According to Elf et a. (2015, 115), “SDM is based on integrating evidence, and end-users’ perspectives will have a profound impact on the quality of healthcare.” SDM implementation is also influenced by the changes in the healthcare body. The planning and implementation of the SDM requires a careful balance of the needs of different stakeholders and working towards defined goals. Collaboration in healthcare is also evident in mentorship programs and the creation of hospital boards. Mentorship programs strengthen nursing competency. There is a need to adopt an effective mentorship model that incorporates the human variables of knowledge, experience, skill, and leadership to increase nurse-delivered patient care.

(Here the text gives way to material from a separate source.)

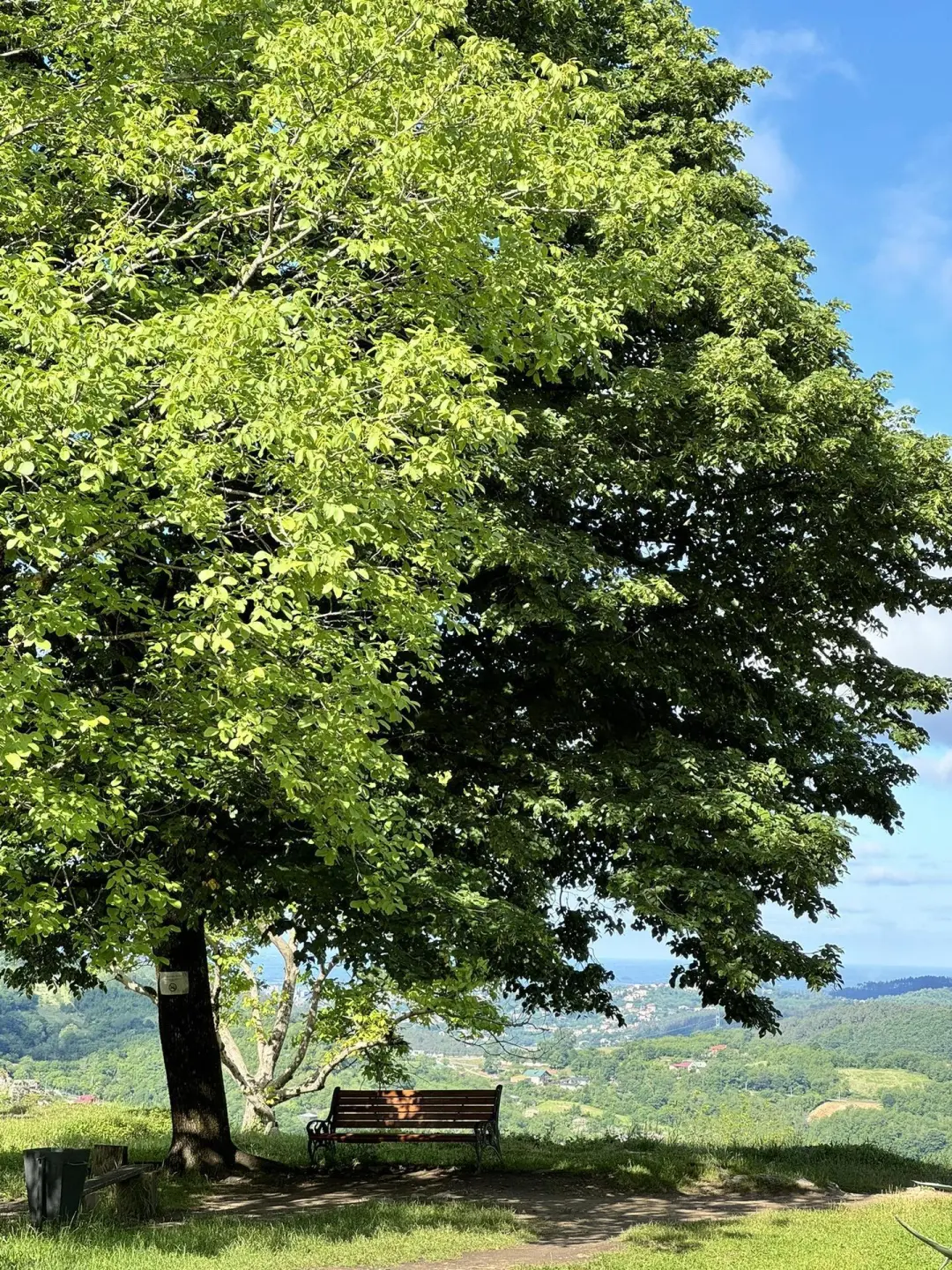 预计今年夏天免签的格鲁吉亚会成为顶流！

Topic 4: Advancing the Cause
Nurses should take action in shaping the future and the future of their patients. As discussed in topic 2, health policy affects all aspects of nursing from nursing education to practice. Therefore, nurses should take an active role in policy making, either through political engagement, creating allies outside the profession, and running for government office. The article by Waddell et al. (2014) discuss the Legislative Action Interest Group (LAIG), a health policy medium where nurses explore the clinical inferences of prevailing health rules and guidelines. LAIG is beneficial to nurses interested in policymaking, as Waddell et al. (2014, p. 15) points out that, “Nurses participating in the LAIG forums build a working knowledge of health policy and can articulate the practice realities for policy decision makers.”

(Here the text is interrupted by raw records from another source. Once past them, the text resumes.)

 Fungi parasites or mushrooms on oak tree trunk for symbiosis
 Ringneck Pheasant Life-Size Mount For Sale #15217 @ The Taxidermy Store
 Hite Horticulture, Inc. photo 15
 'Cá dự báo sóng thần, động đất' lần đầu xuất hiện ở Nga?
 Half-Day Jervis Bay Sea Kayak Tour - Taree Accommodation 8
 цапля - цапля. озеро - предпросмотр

Nurses taking part in LAIG educated themselves about health policies and articulated their problems to policy decision makers. Nurses who want to shape their future through policy take time to understand the state legislative process, build policy advocacy skills, meet with state and federal legislators, and collaborate with them. With the LAIG model, nurses can organize tours in hospitals so that policymakers can have all the necessary information to guide the policymaking process. In becoming allies with policymakers, nurses gain knowledge which they can use in the future if they need to advance nursing participation in policy. Some nurses eventually run for Congress because they want to be more involved in making changes to the existing health policies. Their perspectives and experience as nurses are beneficial during health care debates. They can sponsor health-related policies to address issues in healthcare such as health professional licensure, mental health, insurance, among other health issues.
References
Arabi, A., Rafii, F., Cheraghi, M. A., & Ghiyasvandian, S. (2014). Nurses’ policy influence: A concept analysis. Iranian journal of nursing and midwifery research , 19 (3), 315.

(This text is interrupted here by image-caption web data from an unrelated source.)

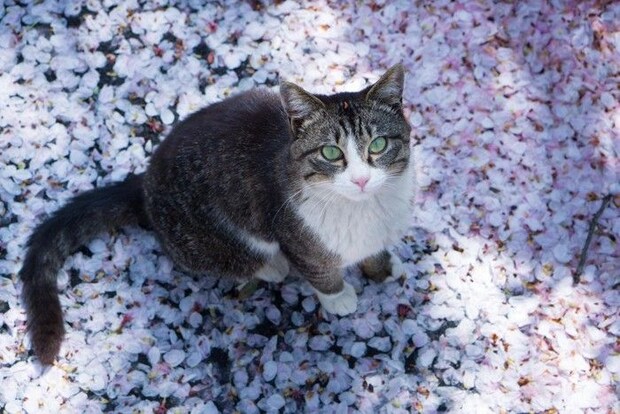 桜の花びらの上に座る猫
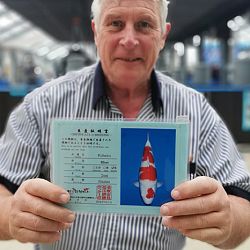 Toch nog een momentum afgedwongen: afbeelding 12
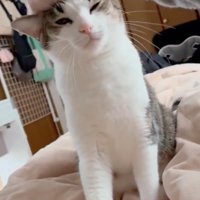 気持ちよさそうな猫
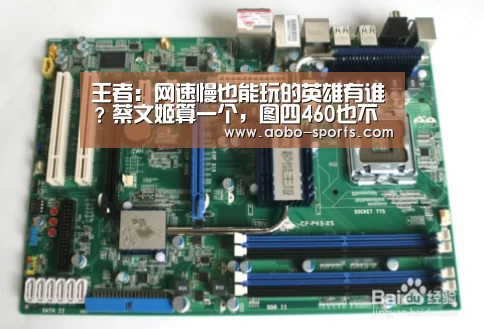 王者:网速慢也能玩的英雄有谁?蔡文姬算一个,图四460也不怕!“澳博sports官方入口”(图1) 澳博sportsapp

Elf, M., Fröst, P., Lindahl, G., & Wijk, H. (2015). Shared decision making in designing new healthcare environments—time to begin improving quality. BMC health services research , 15 (1), 114.
McIntyre, A., & Song, Z. (2019). The US Affordable Care Act: Reflections and directions at the close of a decade. PLoS Med 16(2): e1002752.
Waddell, A., Audette, K., DeLong, A., & Brostoff, M. (2016). A hospital-based interdisciplinary model for increasing nurses’ engagement in legislative advocacy. Policy, Politics, & Nursing Practice , 17 (1), 15-23.